LACONIC: Length-Aware Constrained Reinforcement Learning for LLM
This addresses the issue of inefficient inference for users and developers of LLMs by providing robust length control, though it is an incremental improvement over prior heuristic approaches.
The paper tackled the problem of excessive response lengths in reinforcement learning for large language models, which increases inference latency and computational overhead, by proposing LACONIC, a method that enforces a target token budget during training, resulting in over 50% reduction in output length while preserving or improving task performance.

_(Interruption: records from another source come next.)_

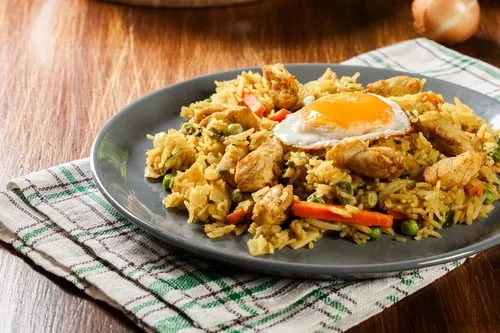 Turmeric Fried Rice (Nasi goreng kunyit)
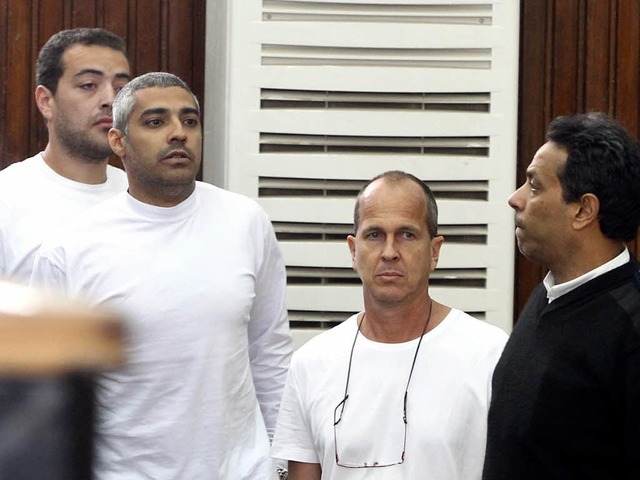 Die Journalisten Baher Mohammed, Moham... Peter Greste (von links) vor Gericht   | Foto: DPA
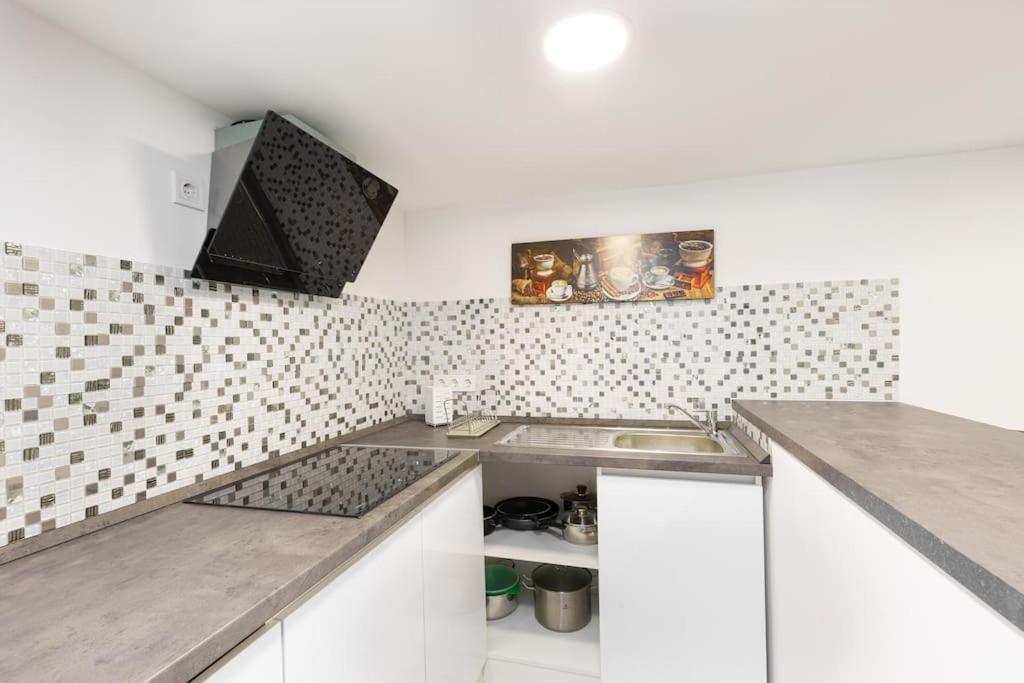 Apartament E39 Eotvos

Reinforcement learning (RL) has enhanced the capabilities of large language models (LLMs) through reward-driven training. Nevertheless, this process can introduce excessively long responses, inflating inference latency and computational overhead. Prior length-control approaches typically rely on fixed heuristic reward shaping, which can misalign with the task objective and require brittle tuning. In this work, we propose LACONIC, a reinforcement learning method that enforces a target token budget during training. Specifically, we update policy models using an augmented objective that combines the task reward with a length-based cost. To balance brevity and task performance, the cost scale is adaptively adjusted throughout training. This yields robust length control while preserving task reward. We provide a theoretical guarantee that support the method. Across mathematical reasoning models and datasets, LACONIC preserves or improves pass@1 while reducing output length by over 50%. It maintains out-of-domain performance on general knowledge and multilingual benchmarks with 44% fewer tokens. Moreover, LACONIC integrates into standard RL-tuning with no inference changes and minimal deployment overhead.